For claim 2: as in claim 1, an element of the claim is a correlation between cancer risk and the level of X. Unlike claim 1, data about the level of X is not provided by an element that physically measures the level. Instead, data about the level of X is provided by an element involving receiving a report summarizing the subject's level of X in step a). In order to arrive at the diagnosis in this claim, the receiving element, comparing element and correlation element cooperate together to form a single actual invention. In order to be found patentable, the actual invention must have physical existence or manifest a discernible physical effect or change. As none of the elements in the actual invention provide this physicality, the subject-matter of the claim is not patentable subject-matter.

Medical Use Example:

The specification describes the new use of compound X to treat peptic ulcers. The description also discloses a titration regime for determining the appropriate dosage of X for an individual patient. In this case, the titration regime is used to minimize side-effects and ensure patient tolerability to X. This requires monitoring by a physician to know when adjustments to the dosage are needed for each patient.

Claims:

  1. Use of compound X to treat peptic ulcers.
  2. The use of claim 1, wherein X is for administration at a first dosage of 6 to 8 mg/day for a period of about 2 to 10 weeks, and a final dosage of 16 to 24 mg/day.

Purposive construction:

In claims 1 and 2, there is no use of language indicating that any of the elements in each claim are optional, a preferred embodiment or one of a list of alternatives.  Therefore, all the elements identified in each of these claims are considered to be essential.
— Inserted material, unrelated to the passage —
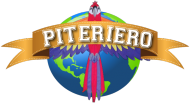 Parrot&Earth - Koszulka Piteriero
Assessment of patentable subject-matter:

For claim 1: All of the elements of the claim form an actual invention that satisfies the physicality requirement since it is evident that the use of compound X manifests a discernible effect or change in the physical state of peptic ulcers. As none of the elements of the actual invention encompass a method of medical treatment or otherwise restrict, prevent, interfere with, or require the exercise of the professional skill and judgment of a medical professional, the subject-matter defined by the claim is patentable subject-matter.

For claim 2: As in claim 1, all of the elements of the claim form an actual invention that satisfies the physicality requirement given that the use of compound X manifests a discernible effect or change in the physical state of peptic ulcers. Dependent claim 2 differs from claim 1 in that claim 2 includes an element that limits the use of X to a first dosage period covering a range of dosages, and a final dosage range. This amounts to a titration regime since the medical professional is expected to monitor individual patients and make adjustments to the dosage and/or dosage period. The subject-matter defined by the claim is not patentable subject-matter because this element restricts, prevents, interferes with, or requires the exercise of the professional skill and judgment of a medical professional.